SPI Problem between Mega 2560 and Raspberry Pi

I have got an issue I am fighting for two days now... I set up SPI communication between Raspberry Pi and Arduino Mega 2560. (it works). The lines are very short (total length about 5 cm) through pin headers; there is 3.3 V to 5.0 V converter inbetween.

On the raspberry side, Pi sends blocks of about 500 bytes 2-3 times a second. On the arduino side, arduino stores the data in a buffer and sends back data from a different buffer.

The raspberry-side data is shorter than the data I need to receive from arduino, so that after sending meaningful data, filler bytes (containing "X") are sent to complete 500 bytes record.
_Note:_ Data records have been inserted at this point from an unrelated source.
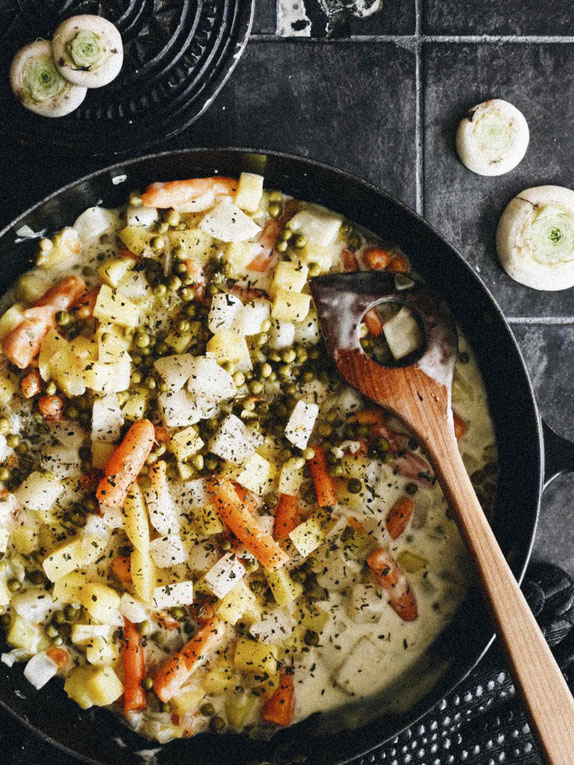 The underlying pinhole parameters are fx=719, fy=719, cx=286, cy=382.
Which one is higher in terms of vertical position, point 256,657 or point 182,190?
point 182,190

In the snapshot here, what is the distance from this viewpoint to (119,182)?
9.14 ft

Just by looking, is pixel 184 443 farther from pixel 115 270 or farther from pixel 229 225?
pixel 229 225

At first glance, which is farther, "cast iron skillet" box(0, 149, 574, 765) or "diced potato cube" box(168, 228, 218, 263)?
"diced potato cube" box(168, 228, 218, 263)

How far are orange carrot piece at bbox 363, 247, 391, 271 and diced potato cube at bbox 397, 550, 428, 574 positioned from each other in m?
1.16

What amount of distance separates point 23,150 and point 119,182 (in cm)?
48

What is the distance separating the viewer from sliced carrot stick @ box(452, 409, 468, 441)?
2.92 meters

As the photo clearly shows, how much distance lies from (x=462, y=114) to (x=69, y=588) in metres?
2.54

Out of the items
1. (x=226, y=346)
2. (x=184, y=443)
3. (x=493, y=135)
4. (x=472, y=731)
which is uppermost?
(x=493, y=135)

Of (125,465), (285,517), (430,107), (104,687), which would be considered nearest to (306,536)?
(285,517)

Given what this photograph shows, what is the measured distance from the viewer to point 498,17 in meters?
3.08

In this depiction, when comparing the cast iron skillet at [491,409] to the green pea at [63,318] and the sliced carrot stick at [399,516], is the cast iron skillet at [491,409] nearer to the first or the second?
the green pea at [63,318]

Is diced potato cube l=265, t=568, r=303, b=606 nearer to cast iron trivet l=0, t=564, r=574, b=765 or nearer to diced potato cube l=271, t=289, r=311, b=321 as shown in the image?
cast iron trivet l=0, t=564, r=574, b=765

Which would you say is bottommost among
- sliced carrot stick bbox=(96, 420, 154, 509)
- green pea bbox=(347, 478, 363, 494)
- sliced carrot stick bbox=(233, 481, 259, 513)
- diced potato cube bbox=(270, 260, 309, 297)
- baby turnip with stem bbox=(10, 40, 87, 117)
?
sliced carrot stick bbox=(233, 481, 259, 513)

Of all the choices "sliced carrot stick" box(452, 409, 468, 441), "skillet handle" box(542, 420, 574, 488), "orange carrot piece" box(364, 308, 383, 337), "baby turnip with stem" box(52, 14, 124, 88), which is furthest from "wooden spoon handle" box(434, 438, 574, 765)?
"baby turnip with stem" box(52, 14, 124, 88) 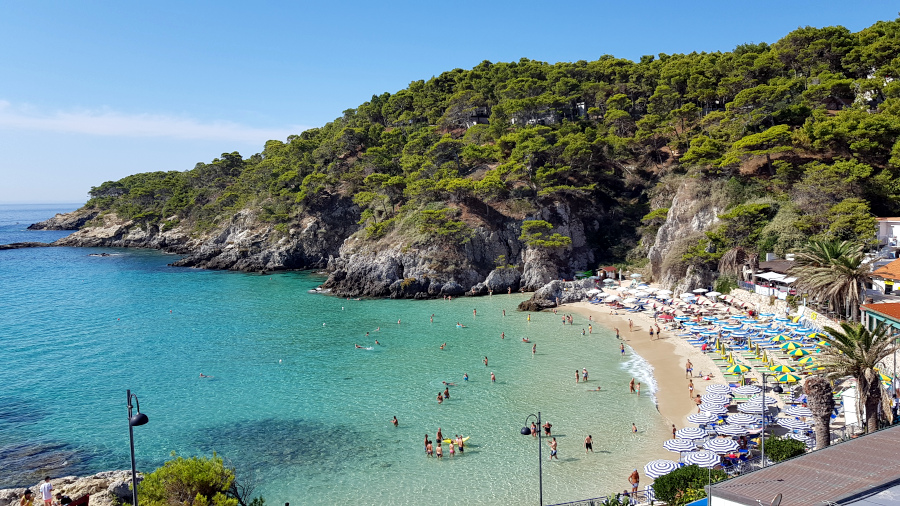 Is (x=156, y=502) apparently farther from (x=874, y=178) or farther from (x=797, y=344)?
(x=874, y=178)

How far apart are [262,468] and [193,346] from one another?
2133 cm

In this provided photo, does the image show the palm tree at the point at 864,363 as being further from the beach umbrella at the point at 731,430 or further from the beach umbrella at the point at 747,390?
the beach umbrella at the point at 747,390

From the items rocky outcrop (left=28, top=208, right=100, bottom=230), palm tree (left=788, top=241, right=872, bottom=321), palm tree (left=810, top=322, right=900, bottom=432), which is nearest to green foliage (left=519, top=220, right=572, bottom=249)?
palm tree (left=788, top=241, right=872, bottom=321)

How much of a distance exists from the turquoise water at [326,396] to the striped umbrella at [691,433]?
1.47 m

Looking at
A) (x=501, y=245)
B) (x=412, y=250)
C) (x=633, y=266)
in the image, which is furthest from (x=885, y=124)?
(x=412, y=250)

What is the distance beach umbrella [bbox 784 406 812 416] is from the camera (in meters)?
21.3

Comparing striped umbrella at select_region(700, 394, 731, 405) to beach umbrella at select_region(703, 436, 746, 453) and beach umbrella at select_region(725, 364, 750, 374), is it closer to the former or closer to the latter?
beach umbrella at select_region(703, 436, 746, 453)

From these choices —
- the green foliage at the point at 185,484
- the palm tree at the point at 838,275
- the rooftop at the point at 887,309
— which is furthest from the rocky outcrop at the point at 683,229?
the green foliage at the point at 185,484

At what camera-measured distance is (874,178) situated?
137ft

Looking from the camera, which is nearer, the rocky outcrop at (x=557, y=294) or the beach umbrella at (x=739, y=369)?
the beach umbrella at (x=739, y=369)

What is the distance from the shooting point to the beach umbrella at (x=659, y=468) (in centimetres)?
1798

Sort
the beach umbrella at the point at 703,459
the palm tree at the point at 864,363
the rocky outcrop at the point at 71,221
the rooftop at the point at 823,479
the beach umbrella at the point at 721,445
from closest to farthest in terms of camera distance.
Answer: the rooftop at the point at 823,479, the palm tree at the point at 864,363, the beach umbrella at the point at 703,459, the beach umbrella at the point at 721,445, the rocky outcrop at the point at 71,221

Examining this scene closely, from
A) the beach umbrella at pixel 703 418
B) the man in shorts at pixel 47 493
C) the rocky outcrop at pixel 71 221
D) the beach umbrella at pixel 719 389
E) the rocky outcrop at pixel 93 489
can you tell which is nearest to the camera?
the man in shorts at pixel 47 493

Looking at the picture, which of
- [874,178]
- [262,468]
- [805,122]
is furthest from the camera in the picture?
[805,122] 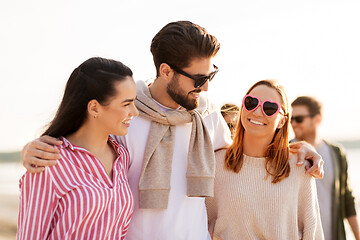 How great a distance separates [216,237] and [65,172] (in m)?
1.28

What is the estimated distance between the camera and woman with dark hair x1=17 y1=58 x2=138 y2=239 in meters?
2.44

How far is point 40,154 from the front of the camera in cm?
248

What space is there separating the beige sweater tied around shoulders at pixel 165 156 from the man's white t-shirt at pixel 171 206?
6 centimetres

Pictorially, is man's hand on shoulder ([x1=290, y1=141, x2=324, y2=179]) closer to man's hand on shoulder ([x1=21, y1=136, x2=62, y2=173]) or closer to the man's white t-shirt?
the man's white t-shirt

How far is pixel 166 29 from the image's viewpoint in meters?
3.36

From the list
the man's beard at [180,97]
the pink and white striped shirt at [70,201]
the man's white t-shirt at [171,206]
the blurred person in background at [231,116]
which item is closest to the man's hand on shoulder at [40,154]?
the pink and white striped shirt at [70,201]

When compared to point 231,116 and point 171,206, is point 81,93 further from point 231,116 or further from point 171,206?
point 231,116

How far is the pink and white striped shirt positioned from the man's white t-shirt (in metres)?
0.38

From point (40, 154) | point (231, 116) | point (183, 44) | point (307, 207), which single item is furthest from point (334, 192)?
point (40, 154)

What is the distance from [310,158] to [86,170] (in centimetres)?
151

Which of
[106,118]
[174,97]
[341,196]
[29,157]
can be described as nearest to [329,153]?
[341,196]

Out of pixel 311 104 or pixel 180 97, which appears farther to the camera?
pixel 311 104

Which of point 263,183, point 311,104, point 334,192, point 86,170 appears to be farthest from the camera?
point 311,104

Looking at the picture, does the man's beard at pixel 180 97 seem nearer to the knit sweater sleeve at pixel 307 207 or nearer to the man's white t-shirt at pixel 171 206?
the man's white t-shirt at pixel 171 206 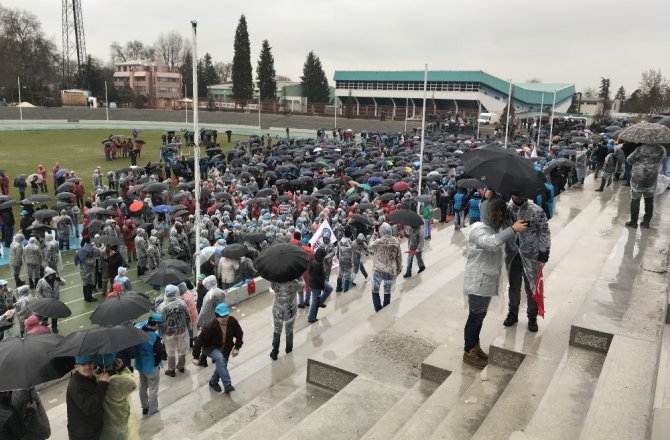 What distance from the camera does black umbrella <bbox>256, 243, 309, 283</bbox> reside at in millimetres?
6637

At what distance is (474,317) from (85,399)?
3391 mm

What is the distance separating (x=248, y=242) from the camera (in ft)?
37.8

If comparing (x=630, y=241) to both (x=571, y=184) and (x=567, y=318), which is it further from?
(x=571, y=184)

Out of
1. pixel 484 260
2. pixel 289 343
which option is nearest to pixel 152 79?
pixel 289 343

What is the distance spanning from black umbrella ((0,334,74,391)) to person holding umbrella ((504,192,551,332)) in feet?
13.4

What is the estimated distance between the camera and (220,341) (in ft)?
20.3

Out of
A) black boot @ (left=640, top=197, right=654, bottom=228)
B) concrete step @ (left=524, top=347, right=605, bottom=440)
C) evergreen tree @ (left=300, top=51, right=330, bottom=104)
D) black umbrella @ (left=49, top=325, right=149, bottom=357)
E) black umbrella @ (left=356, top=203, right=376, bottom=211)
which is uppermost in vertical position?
evergreen tree @ (left=300, top=51, right=330, bottom=104)

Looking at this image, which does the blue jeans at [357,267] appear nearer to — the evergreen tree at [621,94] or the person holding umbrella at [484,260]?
the person holding umbrella at [484,260]

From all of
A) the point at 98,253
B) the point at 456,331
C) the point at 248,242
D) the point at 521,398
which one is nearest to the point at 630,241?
the point at 456,331

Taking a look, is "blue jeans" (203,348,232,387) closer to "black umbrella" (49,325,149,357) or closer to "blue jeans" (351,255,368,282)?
"black umbrella" (49,325,149,357)

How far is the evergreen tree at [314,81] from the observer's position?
79.6 m

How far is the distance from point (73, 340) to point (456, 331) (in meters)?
4.22

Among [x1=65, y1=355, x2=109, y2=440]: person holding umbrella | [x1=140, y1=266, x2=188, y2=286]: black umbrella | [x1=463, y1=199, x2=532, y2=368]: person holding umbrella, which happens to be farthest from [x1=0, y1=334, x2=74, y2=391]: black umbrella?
[x1=463, y1=199, x2=532, y2=368]: person holding umbrella

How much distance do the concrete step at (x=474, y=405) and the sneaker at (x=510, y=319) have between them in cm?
70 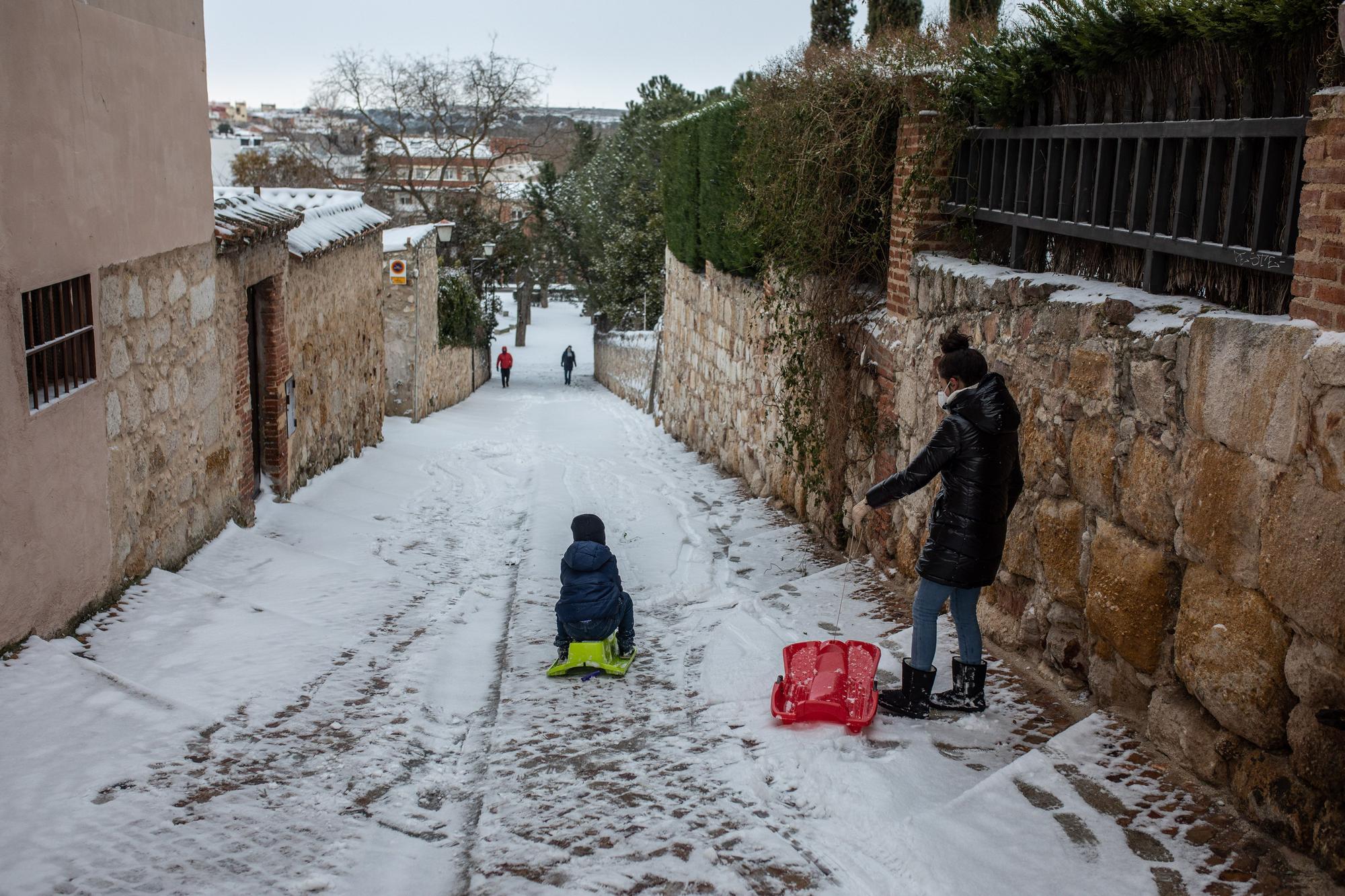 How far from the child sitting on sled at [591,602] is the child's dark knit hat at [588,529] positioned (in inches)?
3.5

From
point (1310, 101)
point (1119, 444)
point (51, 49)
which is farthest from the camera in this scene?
point (51, 49)

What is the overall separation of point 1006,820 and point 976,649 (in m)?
1.06

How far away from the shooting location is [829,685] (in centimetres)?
452

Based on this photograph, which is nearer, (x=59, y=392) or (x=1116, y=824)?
(x=1116, y=824)

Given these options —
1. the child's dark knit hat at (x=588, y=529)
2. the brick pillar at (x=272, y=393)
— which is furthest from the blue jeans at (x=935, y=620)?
the brick pillar at (x=272, y=393)

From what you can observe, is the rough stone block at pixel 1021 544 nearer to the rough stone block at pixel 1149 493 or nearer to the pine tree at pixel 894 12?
the rough stone block at pixel 1149 493

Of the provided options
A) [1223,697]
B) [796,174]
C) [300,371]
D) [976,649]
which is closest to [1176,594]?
[1223,697]

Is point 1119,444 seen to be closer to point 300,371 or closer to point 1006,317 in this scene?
point 1006,317

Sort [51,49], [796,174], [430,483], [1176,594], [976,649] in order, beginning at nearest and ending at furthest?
[1176,594]
[976,649]
[51,49]
[796,174]
[430,483]

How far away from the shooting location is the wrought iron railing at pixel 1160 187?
3650 millimetres

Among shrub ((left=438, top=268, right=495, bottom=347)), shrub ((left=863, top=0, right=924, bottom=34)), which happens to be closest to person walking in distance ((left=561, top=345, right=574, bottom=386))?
shrub ((left=438, top=268, right=495, bottom=347))

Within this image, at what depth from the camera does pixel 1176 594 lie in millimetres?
3883

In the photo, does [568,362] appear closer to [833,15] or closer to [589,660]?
[833,15]

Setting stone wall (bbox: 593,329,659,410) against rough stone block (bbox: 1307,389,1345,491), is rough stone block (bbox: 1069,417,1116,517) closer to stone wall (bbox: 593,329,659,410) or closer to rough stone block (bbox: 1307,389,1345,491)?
rough stone block (bbox: 1307,389,1345,491) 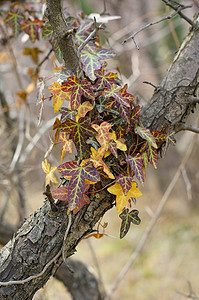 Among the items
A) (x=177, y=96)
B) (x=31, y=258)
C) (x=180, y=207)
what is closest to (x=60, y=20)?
(x=177, y=96)

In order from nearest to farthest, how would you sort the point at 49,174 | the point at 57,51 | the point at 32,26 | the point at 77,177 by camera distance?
the point at 77,177, the point at 49,174, the point at 57,51, the point at 32,26

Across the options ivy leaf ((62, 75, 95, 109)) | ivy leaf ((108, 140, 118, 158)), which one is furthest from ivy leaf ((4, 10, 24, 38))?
ivy leaf ((108, 140, 118, 158))

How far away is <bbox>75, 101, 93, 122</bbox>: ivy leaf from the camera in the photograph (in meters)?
0.67

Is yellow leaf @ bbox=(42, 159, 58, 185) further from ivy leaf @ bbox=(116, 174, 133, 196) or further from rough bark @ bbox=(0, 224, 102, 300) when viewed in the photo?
rough bark @ bbox=(0, 224, 102, 300)

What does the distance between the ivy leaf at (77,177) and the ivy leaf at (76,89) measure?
5.6 inches

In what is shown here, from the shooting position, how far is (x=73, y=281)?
1.58 metres

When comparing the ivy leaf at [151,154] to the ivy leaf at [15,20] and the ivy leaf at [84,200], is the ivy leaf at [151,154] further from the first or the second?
the ivy leaf at [15,20]

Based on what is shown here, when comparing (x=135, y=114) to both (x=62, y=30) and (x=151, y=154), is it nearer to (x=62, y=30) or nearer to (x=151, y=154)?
(x=151, y=154)

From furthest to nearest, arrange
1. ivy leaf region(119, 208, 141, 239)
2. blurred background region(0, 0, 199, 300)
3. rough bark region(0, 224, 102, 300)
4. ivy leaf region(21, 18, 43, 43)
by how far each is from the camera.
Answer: blurred background region(0, 0, 199, 300) < rough bark region(0, 224, 102, 300) < ivy leaf region(21, 18, 43, 43) < ivy leaf region(119, 208, 141, 239)

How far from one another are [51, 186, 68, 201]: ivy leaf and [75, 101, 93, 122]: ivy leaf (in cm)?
17

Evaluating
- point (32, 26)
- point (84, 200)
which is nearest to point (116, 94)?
point (84, 200)

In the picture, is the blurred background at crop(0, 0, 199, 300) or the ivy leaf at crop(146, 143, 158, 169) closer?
the ivy leaf at crop(146, 143, 158, 169)

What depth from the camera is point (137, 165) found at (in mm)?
683

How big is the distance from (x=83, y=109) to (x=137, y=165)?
0.19m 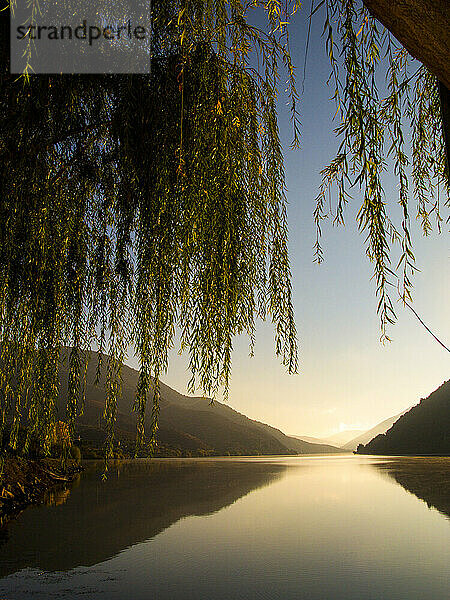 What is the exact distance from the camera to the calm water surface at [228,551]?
723 centimetres

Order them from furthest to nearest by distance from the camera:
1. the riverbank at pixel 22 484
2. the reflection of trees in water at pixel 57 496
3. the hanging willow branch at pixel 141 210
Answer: the reflection of trees in water at pixel 57 496, the riverbank at pixel 22 484, the hanging willow branch at pixel 141 210

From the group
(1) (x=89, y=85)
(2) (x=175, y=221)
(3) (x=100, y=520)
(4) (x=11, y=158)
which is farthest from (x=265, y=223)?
(3) (x=100, y=520)

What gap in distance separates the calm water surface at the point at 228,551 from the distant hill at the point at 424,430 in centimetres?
7231

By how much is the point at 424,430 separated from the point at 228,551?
85.3 meters

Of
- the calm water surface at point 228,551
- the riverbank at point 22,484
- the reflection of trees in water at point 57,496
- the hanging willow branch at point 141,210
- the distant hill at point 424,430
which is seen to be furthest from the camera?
the distant hill at point 424,430

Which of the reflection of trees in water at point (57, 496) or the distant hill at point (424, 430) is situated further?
the distant hill at point (424, 430)

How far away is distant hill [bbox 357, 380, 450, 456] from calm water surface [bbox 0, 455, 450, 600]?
72310 millimetres

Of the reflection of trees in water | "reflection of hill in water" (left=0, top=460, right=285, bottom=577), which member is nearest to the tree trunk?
"reflection of hill in water" (left=0, top=460, right=285, bottom=577)

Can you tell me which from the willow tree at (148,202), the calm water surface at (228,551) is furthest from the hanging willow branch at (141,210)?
the calm water surface at (228,551)

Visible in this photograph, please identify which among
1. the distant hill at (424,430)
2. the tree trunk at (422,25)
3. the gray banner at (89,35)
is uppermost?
the gray banner at (89,35)

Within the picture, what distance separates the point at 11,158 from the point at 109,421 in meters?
1.55

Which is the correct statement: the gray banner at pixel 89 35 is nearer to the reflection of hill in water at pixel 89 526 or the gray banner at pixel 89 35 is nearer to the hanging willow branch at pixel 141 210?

Now the problem: from time to time in the data received from arduino one byte is replaced, and the value of this byte corresponds to the filler byte, i.e. the byte sent from Pi to arduino is "mirrored" back from arduino to pi, replacing the correct byte which should be sent.

The location of the incorrectly returned byte in the record varies and seems to be random. The frequency of error also varies, but is between 2% and 20 %. (i.e. 2% to 20 % of the blocks of 500 bytes contain one byte swapped.)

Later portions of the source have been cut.